• _Work required_: From the records below, set down exactly the lines starting with the line that contains "纯欲风辣妹设计感气质长袖V领T恤上衣蕾丝内搭背心女显瘦牛仔裤潮" and going on through the line that contains "Classic Black cashmere". Nothing else is wanted.

• _Records for this task_:
____

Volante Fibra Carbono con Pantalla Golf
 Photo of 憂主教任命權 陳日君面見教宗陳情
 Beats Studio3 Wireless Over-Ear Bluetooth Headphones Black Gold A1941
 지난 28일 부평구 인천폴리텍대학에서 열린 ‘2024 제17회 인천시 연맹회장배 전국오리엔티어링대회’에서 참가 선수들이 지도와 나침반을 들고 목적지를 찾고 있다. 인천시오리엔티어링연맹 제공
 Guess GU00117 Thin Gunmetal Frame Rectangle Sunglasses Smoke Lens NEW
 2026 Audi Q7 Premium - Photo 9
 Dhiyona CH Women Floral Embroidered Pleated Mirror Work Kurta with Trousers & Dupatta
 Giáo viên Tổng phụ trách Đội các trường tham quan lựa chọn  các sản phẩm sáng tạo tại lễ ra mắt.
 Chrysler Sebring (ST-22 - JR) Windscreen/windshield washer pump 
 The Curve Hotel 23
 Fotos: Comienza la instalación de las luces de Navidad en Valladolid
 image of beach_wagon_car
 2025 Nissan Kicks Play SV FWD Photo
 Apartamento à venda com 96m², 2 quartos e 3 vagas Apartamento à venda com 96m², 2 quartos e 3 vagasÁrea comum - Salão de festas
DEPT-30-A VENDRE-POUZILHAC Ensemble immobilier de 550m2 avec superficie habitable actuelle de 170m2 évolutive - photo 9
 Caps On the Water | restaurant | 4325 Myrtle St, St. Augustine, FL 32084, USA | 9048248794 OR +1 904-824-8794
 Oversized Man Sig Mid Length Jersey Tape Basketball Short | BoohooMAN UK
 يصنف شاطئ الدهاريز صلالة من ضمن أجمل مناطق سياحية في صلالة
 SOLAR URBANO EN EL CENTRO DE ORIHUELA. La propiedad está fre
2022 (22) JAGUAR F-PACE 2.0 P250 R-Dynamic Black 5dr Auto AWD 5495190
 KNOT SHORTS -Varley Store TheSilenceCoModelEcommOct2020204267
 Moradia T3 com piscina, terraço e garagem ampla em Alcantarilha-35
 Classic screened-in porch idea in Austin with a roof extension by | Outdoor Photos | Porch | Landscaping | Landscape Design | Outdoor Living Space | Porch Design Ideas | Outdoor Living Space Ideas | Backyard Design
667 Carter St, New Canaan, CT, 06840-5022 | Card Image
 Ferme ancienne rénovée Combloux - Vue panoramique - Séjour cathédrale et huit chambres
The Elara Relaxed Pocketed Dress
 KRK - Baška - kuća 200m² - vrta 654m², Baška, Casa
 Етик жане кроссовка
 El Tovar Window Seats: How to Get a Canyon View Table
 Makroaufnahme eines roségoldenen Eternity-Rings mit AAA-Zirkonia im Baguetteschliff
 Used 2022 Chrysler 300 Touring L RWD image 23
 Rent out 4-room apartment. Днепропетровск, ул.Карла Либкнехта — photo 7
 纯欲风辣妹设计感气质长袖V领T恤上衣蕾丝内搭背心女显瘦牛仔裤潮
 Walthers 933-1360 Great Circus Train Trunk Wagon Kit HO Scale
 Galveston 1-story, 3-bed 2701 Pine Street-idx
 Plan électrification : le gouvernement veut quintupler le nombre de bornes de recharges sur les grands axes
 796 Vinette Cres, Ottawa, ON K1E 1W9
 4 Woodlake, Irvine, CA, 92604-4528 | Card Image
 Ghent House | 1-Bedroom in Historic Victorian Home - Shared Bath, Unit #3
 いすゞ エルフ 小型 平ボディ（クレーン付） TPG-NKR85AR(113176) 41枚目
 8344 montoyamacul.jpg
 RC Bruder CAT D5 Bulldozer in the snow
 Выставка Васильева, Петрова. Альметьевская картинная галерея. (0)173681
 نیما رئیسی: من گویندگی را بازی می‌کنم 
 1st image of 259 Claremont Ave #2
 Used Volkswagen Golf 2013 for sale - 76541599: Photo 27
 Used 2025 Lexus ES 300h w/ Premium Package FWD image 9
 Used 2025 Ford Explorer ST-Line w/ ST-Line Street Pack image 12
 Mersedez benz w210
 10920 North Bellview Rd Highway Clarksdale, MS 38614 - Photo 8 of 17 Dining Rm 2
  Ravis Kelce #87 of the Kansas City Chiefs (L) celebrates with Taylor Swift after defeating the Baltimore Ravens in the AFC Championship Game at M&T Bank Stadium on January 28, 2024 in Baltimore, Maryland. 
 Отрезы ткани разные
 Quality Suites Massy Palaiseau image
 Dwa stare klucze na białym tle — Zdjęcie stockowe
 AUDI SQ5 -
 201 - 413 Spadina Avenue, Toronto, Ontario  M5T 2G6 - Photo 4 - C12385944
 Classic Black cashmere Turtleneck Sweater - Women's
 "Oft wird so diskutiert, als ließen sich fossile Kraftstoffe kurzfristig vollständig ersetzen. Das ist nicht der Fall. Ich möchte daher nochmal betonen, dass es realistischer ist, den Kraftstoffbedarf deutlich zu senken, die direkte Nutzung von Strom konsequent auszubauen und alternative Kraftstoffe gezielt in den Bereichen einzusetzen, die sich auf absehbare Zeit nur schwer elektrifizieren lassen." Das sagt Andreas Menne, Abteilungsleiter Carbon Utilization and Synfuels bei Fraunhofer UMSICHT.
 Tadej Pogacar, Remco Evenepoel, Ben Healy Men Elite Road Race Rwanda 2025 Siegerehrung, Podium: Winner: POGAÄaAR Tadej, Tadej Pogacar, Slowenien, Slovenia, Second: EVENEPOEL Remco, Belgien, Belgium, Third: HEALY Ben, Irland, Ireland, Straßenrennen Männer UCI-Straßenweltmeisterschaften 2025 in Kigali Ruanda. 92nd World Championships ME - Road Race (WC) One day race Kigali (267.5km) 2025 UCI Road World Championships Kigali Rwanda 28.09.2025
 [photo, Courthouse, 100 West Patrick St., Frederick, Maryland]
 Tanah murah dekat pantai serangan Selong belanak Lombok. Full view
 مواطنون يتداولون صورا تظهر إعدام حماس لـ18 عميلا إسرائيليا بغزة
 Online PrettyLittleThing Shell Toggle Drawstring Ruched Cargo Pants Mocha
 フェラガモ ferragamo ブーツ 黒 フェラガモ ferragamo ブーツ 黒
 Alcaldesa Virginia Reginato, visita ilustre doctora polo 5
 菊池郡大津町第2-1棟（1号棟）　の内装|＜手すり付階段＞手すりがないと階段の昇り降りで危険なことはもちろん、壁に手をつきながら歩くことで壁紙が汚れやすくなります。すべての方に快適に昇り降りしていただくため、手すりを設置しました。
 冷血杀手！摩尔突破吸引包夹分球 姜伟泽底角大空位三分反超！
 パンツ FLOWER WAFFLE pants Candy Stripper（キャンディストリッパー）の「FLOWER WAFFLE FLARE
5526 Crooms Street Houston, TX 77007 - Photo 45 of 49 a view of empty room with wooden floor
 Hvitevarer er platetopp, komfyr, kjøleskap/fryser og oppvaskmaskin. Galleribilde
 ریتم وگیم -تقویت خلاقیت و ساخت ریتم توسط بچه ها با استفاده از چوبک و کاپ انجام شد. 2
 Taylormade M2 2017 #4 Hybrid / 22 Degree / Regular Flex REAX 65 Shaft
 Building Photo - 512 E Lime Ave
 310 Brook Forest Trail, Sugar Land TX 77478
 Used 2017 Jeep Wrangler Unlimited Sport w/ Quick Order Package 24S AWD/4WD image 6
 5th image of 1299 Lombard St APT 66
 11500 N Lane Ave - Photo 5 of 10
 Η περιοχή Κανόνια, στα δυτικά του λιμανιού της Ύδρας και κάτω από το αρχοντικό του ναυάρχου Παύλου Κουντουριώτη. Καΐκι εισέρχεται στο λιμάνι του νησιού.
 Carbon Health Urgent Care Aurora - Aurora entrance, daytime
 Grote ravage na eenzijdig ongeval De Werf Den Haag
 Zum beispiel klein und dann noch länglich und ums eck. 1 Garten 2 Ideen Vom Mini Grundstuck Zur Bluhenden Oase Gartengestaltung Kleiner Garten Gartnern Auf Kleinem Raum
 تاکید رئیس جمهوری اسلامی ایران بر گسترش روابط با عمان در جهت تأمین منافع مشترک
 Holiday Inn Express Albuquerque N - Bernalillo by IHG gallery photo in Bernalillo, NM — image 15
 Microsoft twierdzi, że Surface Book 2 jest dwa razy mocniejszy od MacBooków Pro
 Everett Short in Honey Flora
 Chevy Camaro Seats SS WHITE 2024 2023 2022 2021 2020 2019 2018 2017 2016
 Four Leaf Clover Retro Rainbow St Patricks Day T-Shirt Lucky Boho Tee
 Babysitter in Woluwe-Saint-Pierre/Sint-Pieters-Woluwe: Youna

____

• _Final answer_:
 纯欲风辣妹设计感气质长袖V领T恤上衣蕾丝内搭背心女显瘦牛仔裤潮
 Walthers 933-1360 Great Circus Train Trunk Wagon Kit HO Scale
 Galveston 1-story, 3-bed 2701 Pine Street-idx
 Plan électrification : le gouvernement veut quintupler le nombre de bornes de recharges sur les grands axes
 796 Vinette Cres, Ottawa, ON K1E 1W9
 4 Woodlake, Irvine, CA, 92604-4528 | Card Image
 Ghent House | 1-Bedroom in Historic Victorian Home - Shared Bath, Unit #3
 いすゞ エルフ 小型 平ボディ（クレーン付） TPG-NKR85AR(113176) 41枚目
 8344 montoyamacul.jpg
 RC Bruder CAT D5 Bulldozer in the snow
 Выставка Васильева, Петрова. Альметьевская картинная галерея. (0)173681
 نیما رئیسی: من گویندگی را بازی می‌کنم 
 1st image of 259 Claremont Ave #2
 Used Volkswagen Golf 2013 for sale - 76541599: Photo 27
 Used 2025 Lexus ES 300h w/ Premium Package FWD image 9
 Used 2025 Ford Explorer ST-Line w/ ST-Line Street Pack image 12
 Mersedez benz w210
 10920 North Bellview Rd Highway Clarksdale, MS 38614 - Photo 8 of 17 Dining Rm 2
  Ravis Kelce #87 of the Kansas City Chiefs (L) celebrates with Taylor Swift after defeating the Baltimore Ravens in the AFC Championship Game at M&T Bank Stadium on January 28, 2024 in Baltimore, Maryland. 
 Отрезы ткани разные
 Quality Suites Massy Palaiseau image
 Dwa stare klucze na białym tle — Zdjęcie stockowe
 AUDI SQ5 -
 201 - 413 Spadina Avenue, Toronto, Ontario  M5T 2G6 - Photo 4 - C12385944
 Classic Black cashmere Turtleneck Sweater - Women's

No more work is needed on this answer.